The richness of the data we have will depend on the source or sources from which we’re getting it. We use a wide variety of sources, some official and many more that are not. Indeed, the EveryPolitician project exists partly because in many places it’s still depressingly hard to get even basic information, such as who all the current legislators are.

So the absolute minimum data we need for a politician to be in EveryPolitician is their name (by implication, we also have their membership of the legislature and its term). Unless the system they are in does not use such mechanisms, we also try to have the area they represent, and the group (perhaps a party or faction) they belong to. There may also be start and end dates if we know they did not serve the full term.

About names

Names are a key part of any data set based around people. In the basic CSV, the name will be the common name that we’ve got from the source, but we’re aware that names are not quite that simple. So we sometimes have separate fields for:

name given_name family_name honorific_prefix honorific_suffix patronymic_name sort_name

The JSON data includes other_names, which may contain aliases as well as names for the politician in different languages.

If you only want names

For convenience, we isolate all the names of all the politicians within each legislature and make them available in their own file. (Like other files, look inside countries.json to find its path and filename; in this case under names). This file contains name and id fields. Note that there may be more than one name for each politician (for example, we might have the name of a Welsh politician rendered in English and Chinese). If you need to consolidate them, use the id to match them (or dive into the JSON data instead).

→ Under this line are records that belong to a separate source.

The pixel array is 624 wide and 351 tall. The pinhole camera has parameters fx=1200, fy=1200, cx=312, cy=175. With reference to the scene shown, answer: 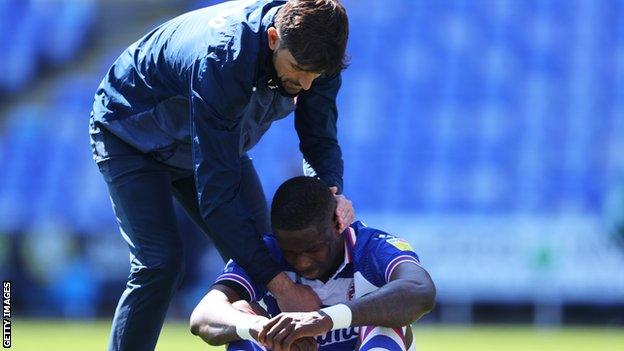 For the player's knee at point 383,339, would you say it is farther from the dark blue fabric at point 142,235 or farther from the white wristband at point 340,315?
the dark blue fabric at point 142,235

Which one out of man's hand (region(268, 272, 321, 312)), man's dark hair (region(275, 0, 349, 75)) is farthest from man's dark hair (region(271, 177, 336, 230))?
man's dark hair (region(275, 0, 349, 75))

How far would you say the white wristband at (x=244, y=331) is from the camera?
478cm

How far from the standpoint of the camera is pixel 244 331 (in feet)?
15.7

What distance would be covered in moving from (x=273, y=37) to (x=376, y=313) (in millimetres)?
1176

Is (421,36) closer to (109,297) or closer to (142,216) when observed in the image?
(109,297)

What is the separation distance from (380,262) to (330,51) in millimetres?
1029

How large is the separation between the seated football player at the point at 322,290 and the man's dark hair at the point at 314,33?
0.64 m

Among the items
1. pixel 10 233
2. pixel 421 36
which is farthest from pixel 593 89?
pixel 10 233

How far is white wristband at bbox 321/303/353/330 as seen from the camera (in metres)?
4.75

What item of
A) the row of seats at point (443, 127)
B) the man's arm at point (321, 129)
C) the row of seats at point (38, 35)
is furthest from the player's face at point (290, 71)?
the row of seats at point (38, 35)

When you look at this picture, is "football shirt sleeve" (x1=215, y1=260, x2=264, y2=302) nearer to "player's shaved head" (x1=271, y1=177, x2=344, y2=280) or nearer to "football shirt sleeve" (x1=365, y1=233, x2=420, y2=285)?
"player's shaved head" (x1=271, y1=177, x2=344, y2=280)

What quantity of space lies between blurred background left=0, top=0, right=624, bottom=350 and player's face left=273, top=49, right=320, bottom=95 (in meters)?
8.04

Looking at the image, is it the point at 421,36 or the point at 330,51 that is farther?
the point at 421,36

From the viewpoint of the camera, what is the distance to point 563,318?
13.4m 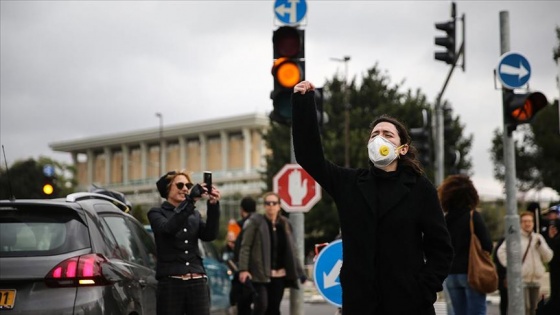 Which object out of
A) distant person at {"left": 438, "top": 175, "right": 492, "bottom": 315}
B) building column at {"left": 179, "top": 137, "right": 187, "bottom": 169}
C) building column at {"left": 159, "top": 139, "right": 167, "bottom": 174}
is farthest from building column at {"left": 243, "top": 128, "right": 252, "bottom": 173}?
distant person at {"left": 438, "top": 175, "right": 492, "bottom": 315}

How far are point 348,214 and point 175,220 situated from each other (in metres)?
2.89

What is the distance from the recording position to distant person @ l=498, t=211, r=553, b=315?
1266cm

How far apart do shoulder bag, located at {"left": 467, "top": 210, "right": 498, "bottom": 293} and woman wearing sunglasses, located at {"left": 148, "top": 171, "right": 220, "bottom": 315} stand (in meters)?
2.72

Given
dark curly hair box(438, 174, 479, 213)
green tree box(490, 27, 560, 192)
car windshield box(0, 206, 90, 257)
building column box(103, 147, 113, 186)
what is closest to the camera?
car windshield box(0, 206, 90, 257)

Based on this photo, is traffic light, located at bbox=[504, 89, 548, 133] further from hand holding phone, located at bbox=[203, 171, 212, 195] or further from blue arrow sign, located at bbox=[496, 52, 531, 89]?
hand holding phone, located at bbox=[203, 171, 212, 195]

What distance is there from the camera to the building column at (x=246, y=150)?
115 m

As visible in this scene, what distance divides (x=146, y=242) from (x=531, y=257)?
590cm

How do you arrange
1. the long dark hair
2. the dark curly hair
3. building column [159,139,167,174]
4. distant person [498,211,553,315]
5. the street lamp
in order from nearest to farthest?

In fact, we’ve even built an external service that puts all these names (together with identifier fields, such as id) into a single CSV file (caution: that currently contains well over 80,000 names and growing): see everypolitician-names.

IDs to other data sets, including Wikidata

We give each politician in EveryPolitician a unique ID (actually a UUID). It’s keyed as id in the CSV. But often we’ll know useful IDs for the same politician in other data sets too. You can find these in the JSON data under identifiers.

Each identifier consists of an (identifier, scheme) pair. For example, here’s an entry for the identifier in Wikidata (the database behind Wikipedia):

"identifiers": [
  {
    "identifier": "Q3785077",
    "scheme": "wikidata"
  }
]

(Incidentally, you can view Wikidata entries like this: wikidata.org/wiki/Q3785077, or using the Reasonator. This example is Estonian politician Taavi Rõivas.)

We do this for other entities (such as legislatures themselves; and we’re adding external identifiers for political parties or factions too) as well as politicians. Remember that external data sets might not be complete, so it’s possible to have a useful identifier which isn’t populated for all records. For example, Wikidata only holds data for entries that satisfy their “notability” criteria.

Some legislatures have adopted the good practice of assigning unique IDs to their politicians, which can be useful when using their official APIs. If you know that your country’s legistature provides such IDs please tell us, and we’ll add them as identifiers in this way.